Short descriptive text snippets:
——————————
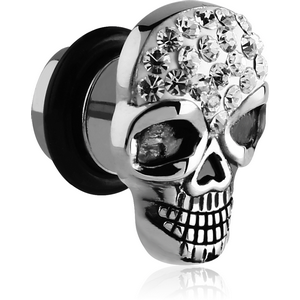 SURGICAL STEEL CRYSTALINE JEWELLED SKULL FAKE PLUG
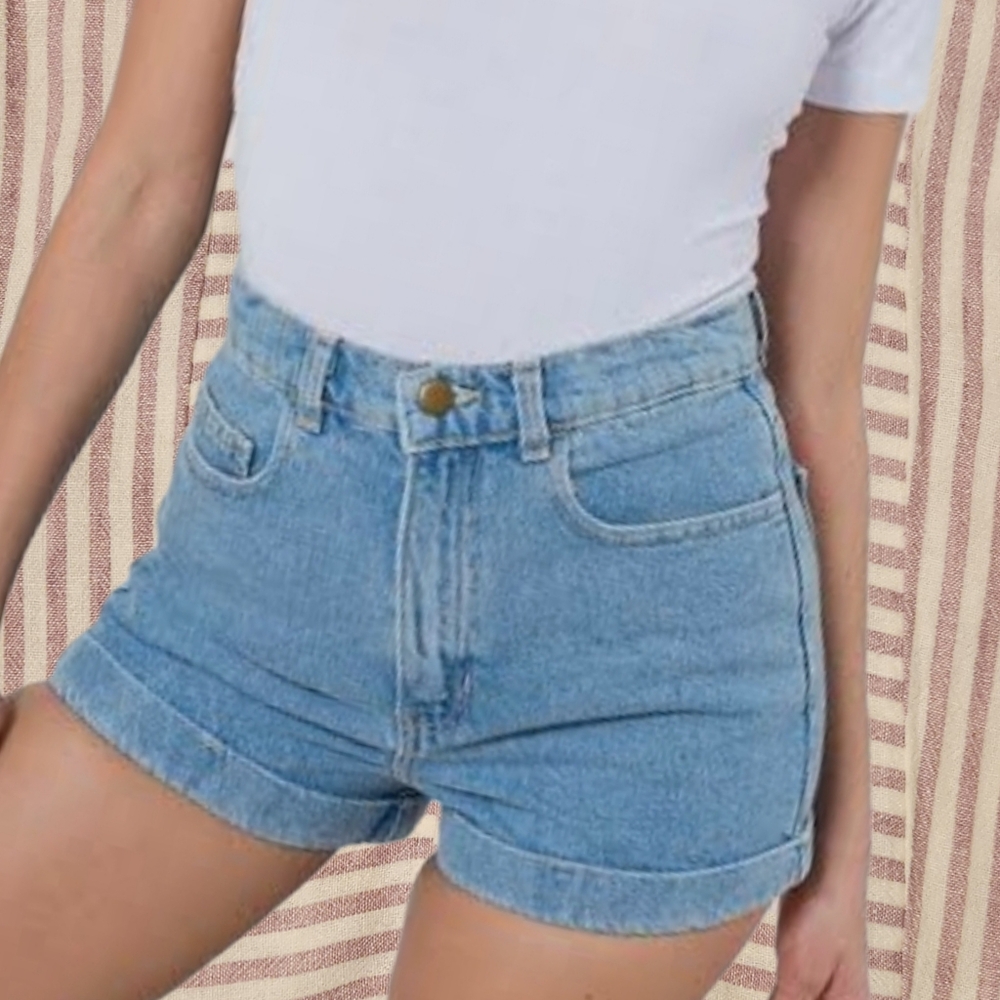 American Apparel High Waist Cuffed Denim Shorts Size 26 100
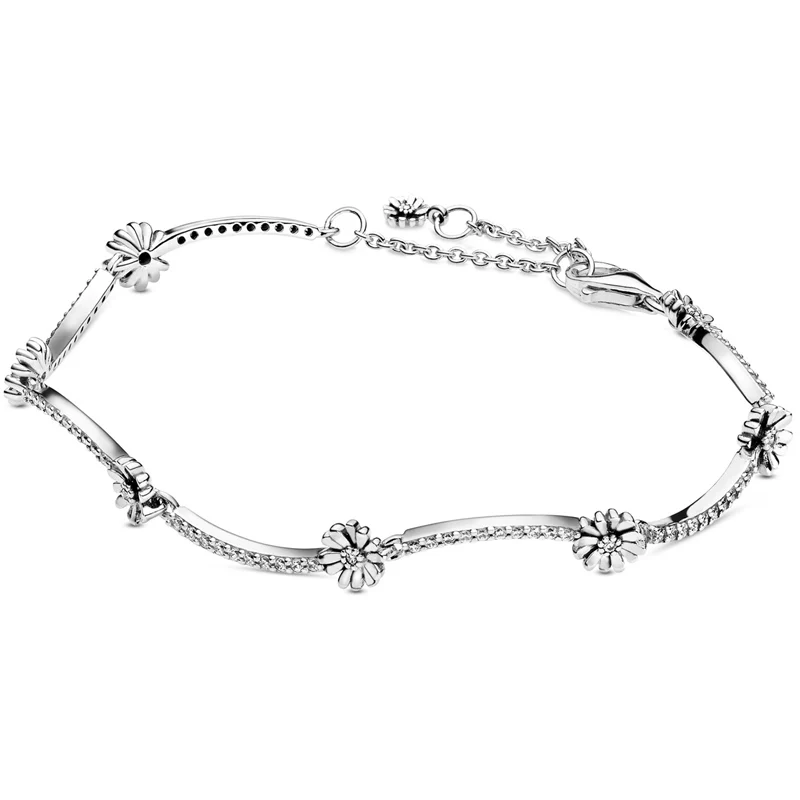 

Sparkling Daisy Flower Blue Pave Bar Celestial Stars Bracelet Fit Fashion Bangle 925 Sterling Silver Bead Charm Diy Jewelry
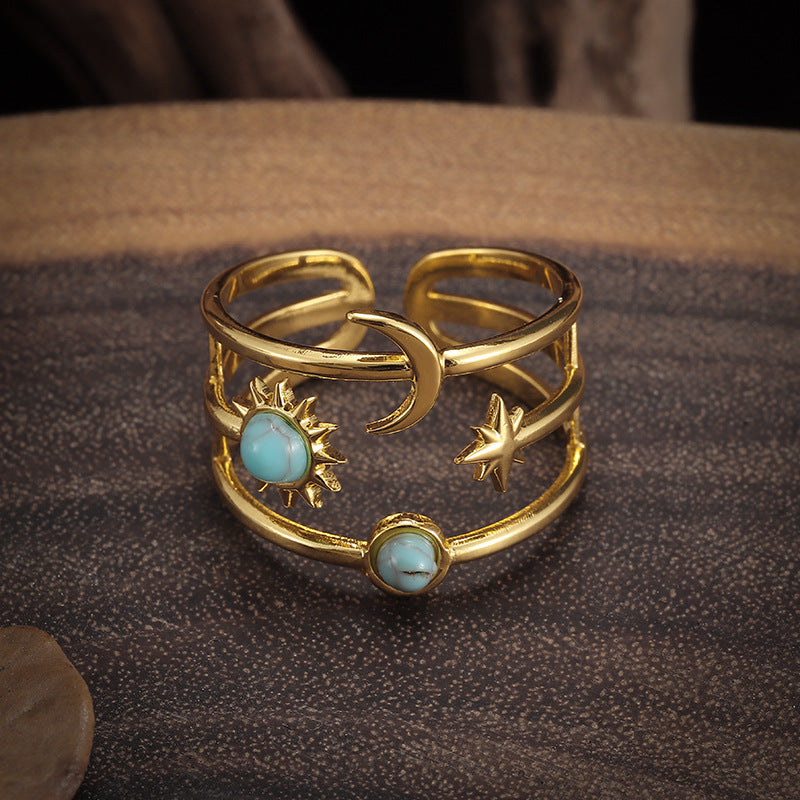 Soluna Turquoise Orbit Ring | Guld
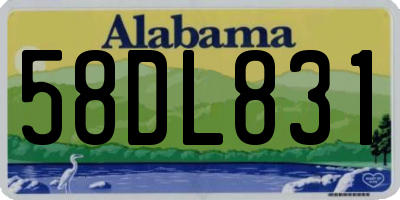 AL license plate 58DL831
——————————
• What you have to do
Leaving the pictures out, set down exactly the lines from the one with "Sparkling Daisy Flower" through the end of the records.

• Solution to this problem
Sparkling Daisy Flower Blue Pave Bar Celestial Stars Bracelet Fit Fashion Bangle 925 Sterling Silver Bead Charm Diy Jewelry
 Soluna Turquoise Orbit Ring | Guld
 AL license plate 58DL831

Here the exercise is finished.